START Data supplied

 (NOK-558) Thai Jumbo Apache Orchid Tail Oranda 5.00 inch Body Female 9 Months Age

END Data supplied
START Data supplied

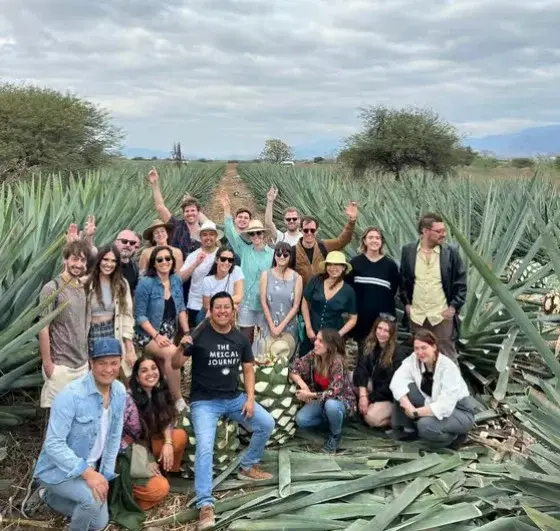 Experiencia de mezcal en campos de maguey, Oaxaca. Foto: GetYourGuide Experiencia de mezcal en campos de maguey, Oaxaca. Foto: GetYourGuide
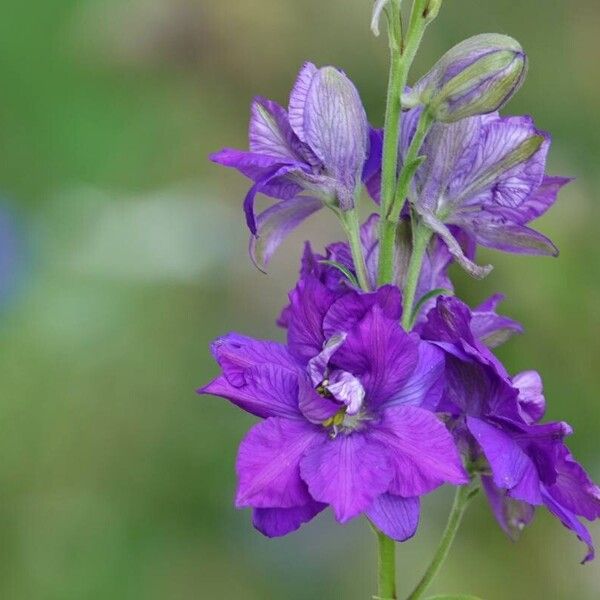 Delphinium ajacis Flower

END Data supplied
START Data supplied

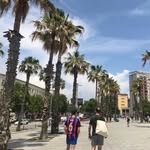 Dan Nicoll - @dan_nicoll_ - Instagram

END Data supplied

**Description of the task**
Exact repeat of the material above: every line from the one with "Foto: GetYourGuide Experiencia" through the one with "Delphinium ajacis Flower", endpoints included, and nothing more. No pictures.

**Expected output**
 Experiencia de mezcal en campos de maguey, Oaxaca. Foto: GetYourGuide Experiencia de mezcal en campos de maguey, Oaxaca. Foto: GetYourGuide
 Delphinium ajacis Flower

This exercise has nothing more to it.